*How to complete this task*.
Transcribe exactly everything in the data below from the line containing "AMERICANO Reagisce all'INGLESE" down to the line containing "Южный Вьетнам 20", both lines included and nothing further.

*Data*.
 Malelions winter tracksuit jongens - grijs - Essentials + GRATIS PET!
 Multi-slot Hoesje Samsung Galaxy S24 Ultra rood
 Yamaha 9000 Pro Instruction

--

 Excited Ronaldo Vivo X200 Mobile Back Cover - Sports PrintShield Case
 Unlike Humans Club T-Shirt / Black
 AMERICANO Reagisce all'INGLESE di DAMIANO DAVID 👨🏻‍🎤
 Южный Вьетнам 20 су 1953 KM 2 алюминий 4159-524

* * *

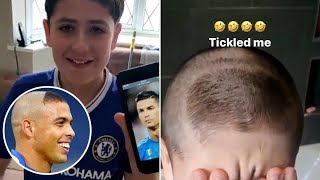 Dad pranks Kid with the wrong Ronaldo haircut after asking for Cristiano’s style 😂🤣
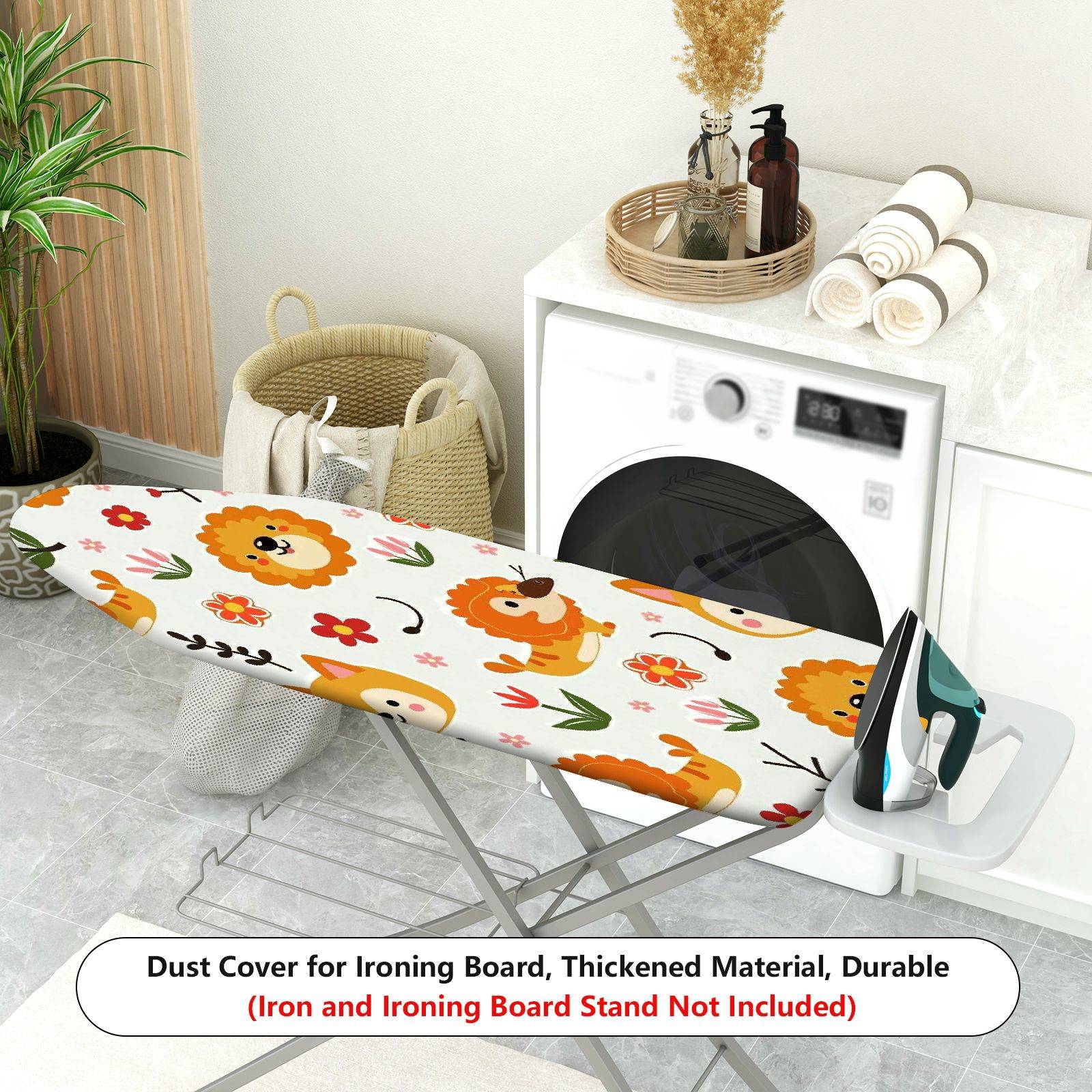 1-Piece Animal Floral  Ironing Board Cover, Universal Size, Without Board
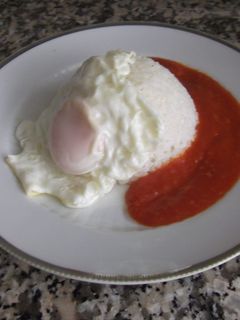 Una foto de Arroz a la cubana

*Result*.
 AMERICANO Reagisce all'INGLESE di DAMIANO DAVID 👨🏻‍🎤
 Южный Вьетнам 20 су 1953 KM 2 алюминий 4159-524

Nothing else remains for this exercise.